> [WHAT YOU HAVE TO DO]
When you return the lines below, go from the first through the line with "Easter Bunny Signs Laser Cut Bundle", keep them exact, and leave out every picture.

[PROVIDED MATERIAL]

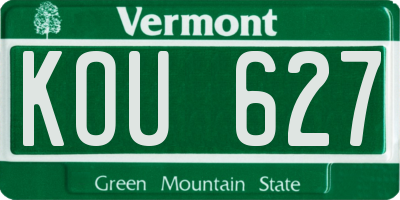VT license plate KOU627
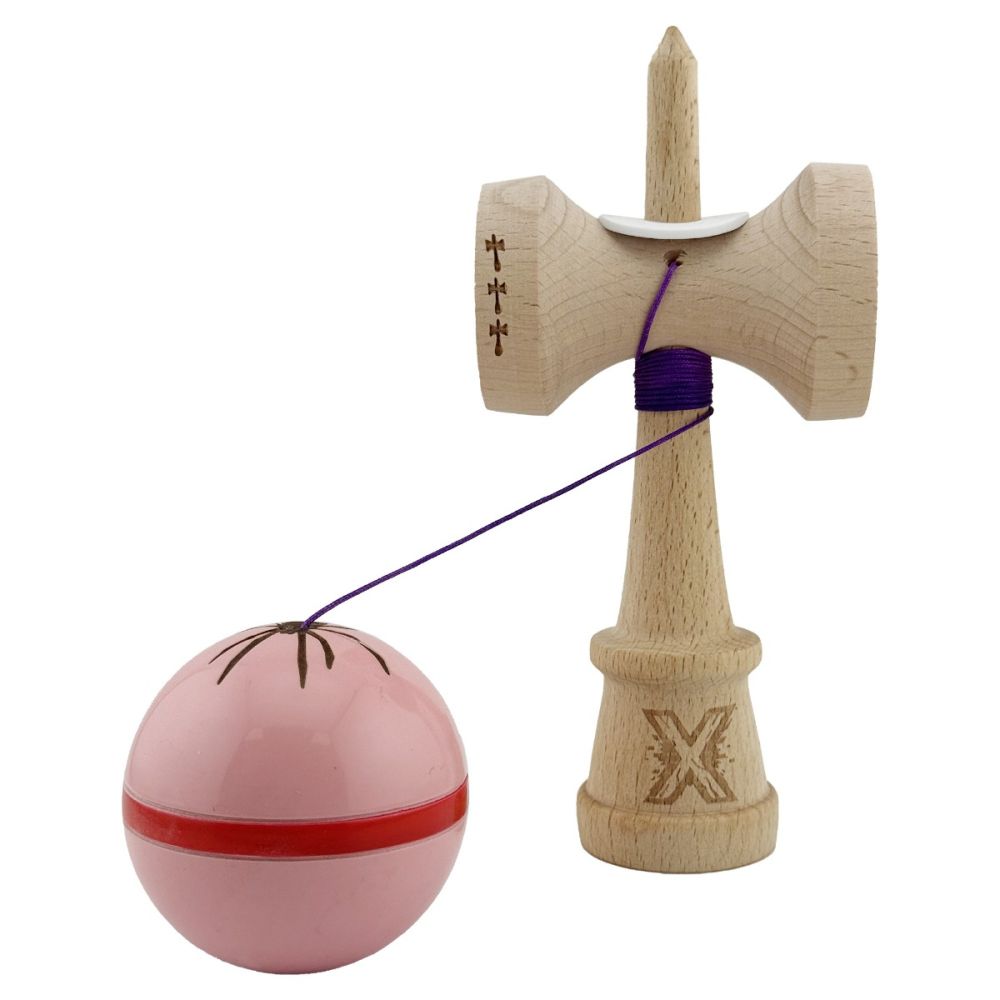 Jucarie de indemanare din lemn, Kendama X, Flippy, Silken, King Size V3, Super Sticky, 18 cm, Roz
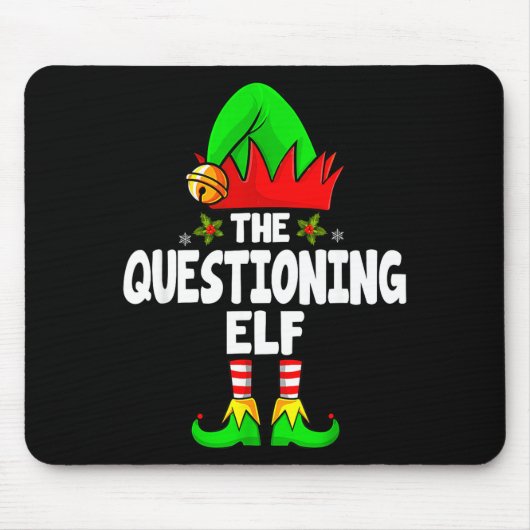 Tapis De Souris Questioning Elf Group Christmas Funny Pajama Party (Devant)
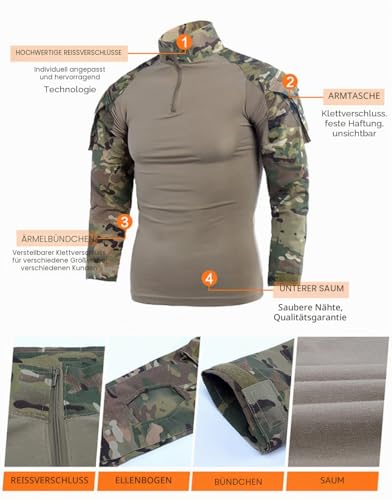LANBAOSI Airsoft Tarnanzug Herren Paintball Combat Shirt Taktische Hose Langärmlige mit 1/4 Reißverschluss Militär Anzug Outdoor Camouflage Jagdbekleidung BDU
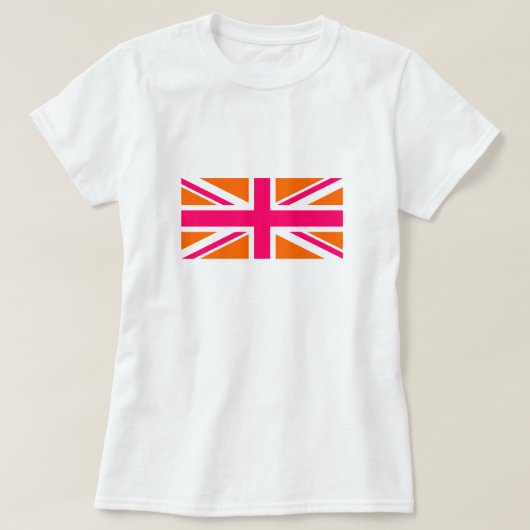 Oranje en Roze Union Jack T-shirt (Design voorkant)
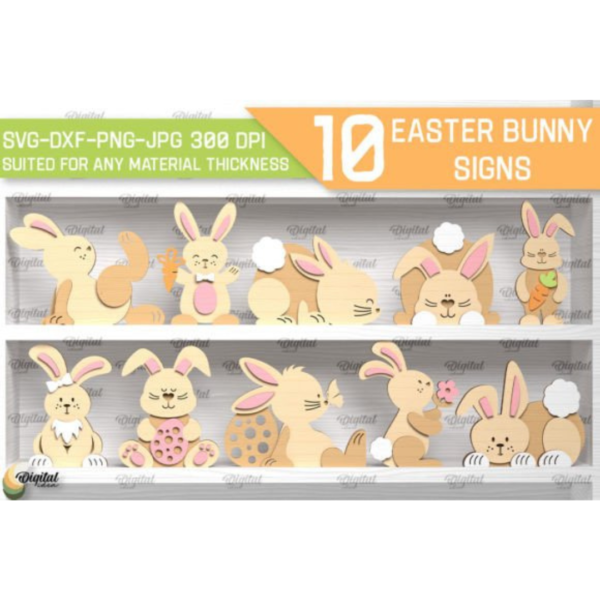 Easter Bunny Signs Laser Cut Bundle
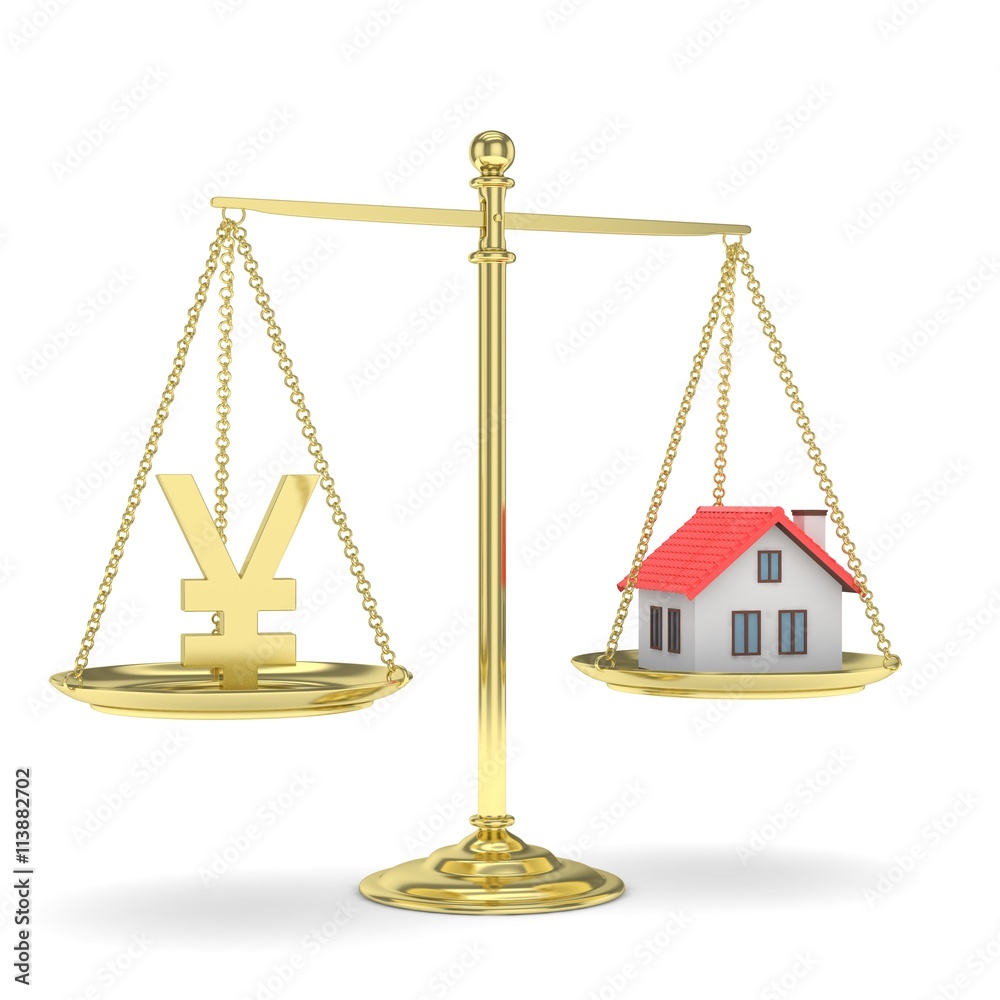 Isolated golden scales with golden yuan and house on white background. Investment or savings concept. Real estate and currency. 3D rendering. Isolated golden scales with golden yuan and house on white background. Investment or savings concept. Real estate and currency. 3D rendering.
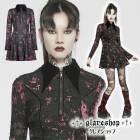 glareshop グレアショップ「S/L/2XL」WX743■ゴスロリ ゴシック ダメージ加工 プリント レースアップ スリット袖口 ワンピース 黒×赤 レディース | ゴスロリ ゴシック パンク 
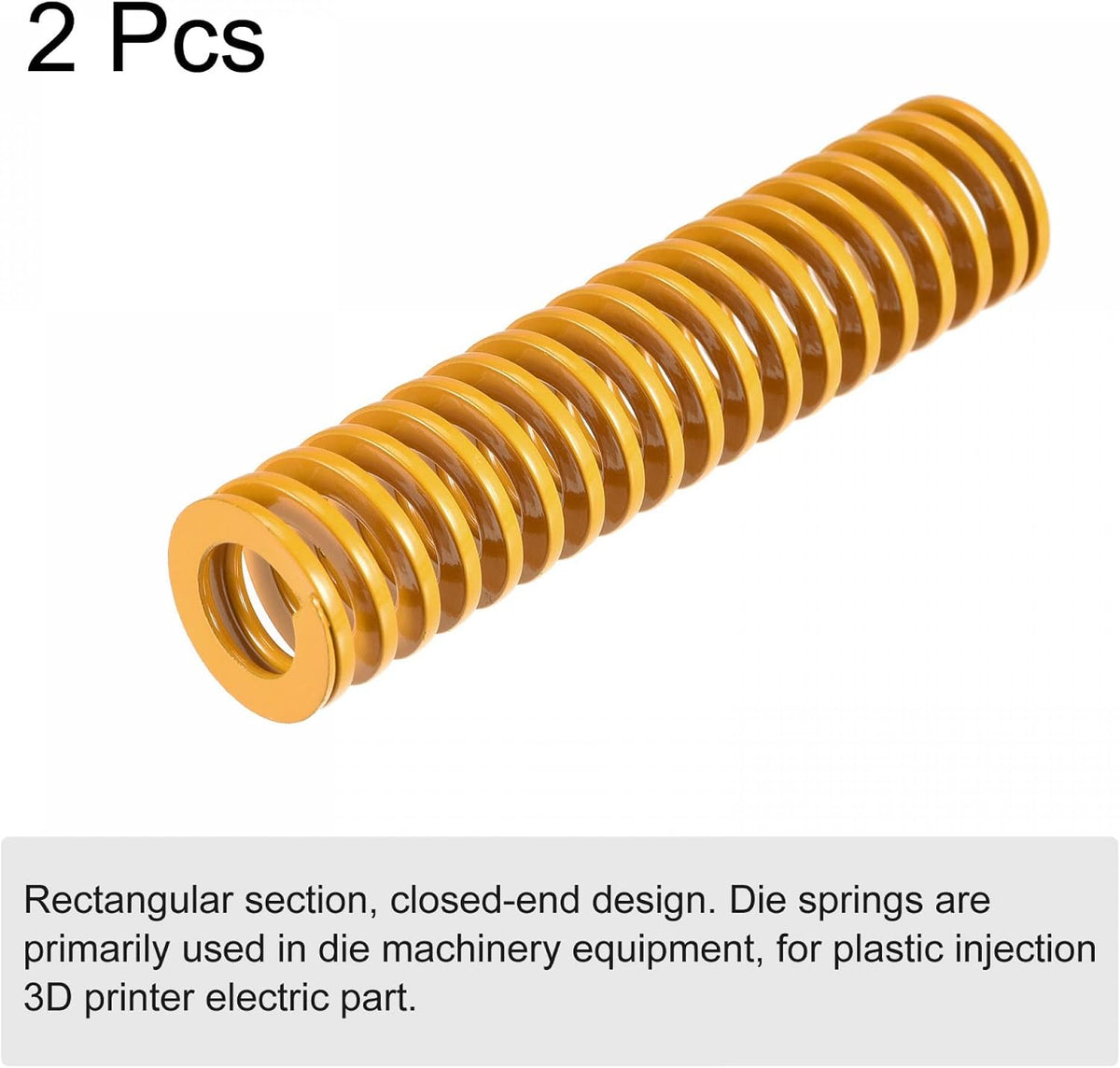 3D Printer Die Spring, 20mm OD 90mm ยาว 2 ชิ้น Spiral Stamping Light Load Compression Mould Die Springs สำหรับ 3D Printer Electric Part, สีเหลือง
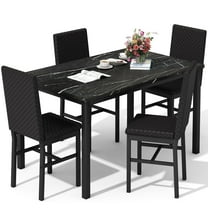 Lamerge Marble Kitchen Dining Set with 4 Upholstered Velvet Chairs for Home Kitchen, Living Room, Dining Room, Black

[/PROVIDED MATERIAL]

> [ANSWER FOR THE TASK]
VT license plate KOU627
 Jucarie de indemanare din lemn, Kendama X, Flippy, Silken, King Size V3, Super Sticky, 18 cm, Roz
 Tapis De Souris Questioning Elf Group Christmas Funny Pajama Party (Devant)
LANBAOSI Airsoft Tarnanzug Herren Paintball Combat Shirt Taktische Hose Langärmlige mit 1/4 Reißverschluss Militär Anzug Outdoor Camouflage Jagdbekleidung BDU
 Oranje en Roze Union Jack T-shirt (Design voorkant)
 Easter Bunny Signs Laser Cut Bundle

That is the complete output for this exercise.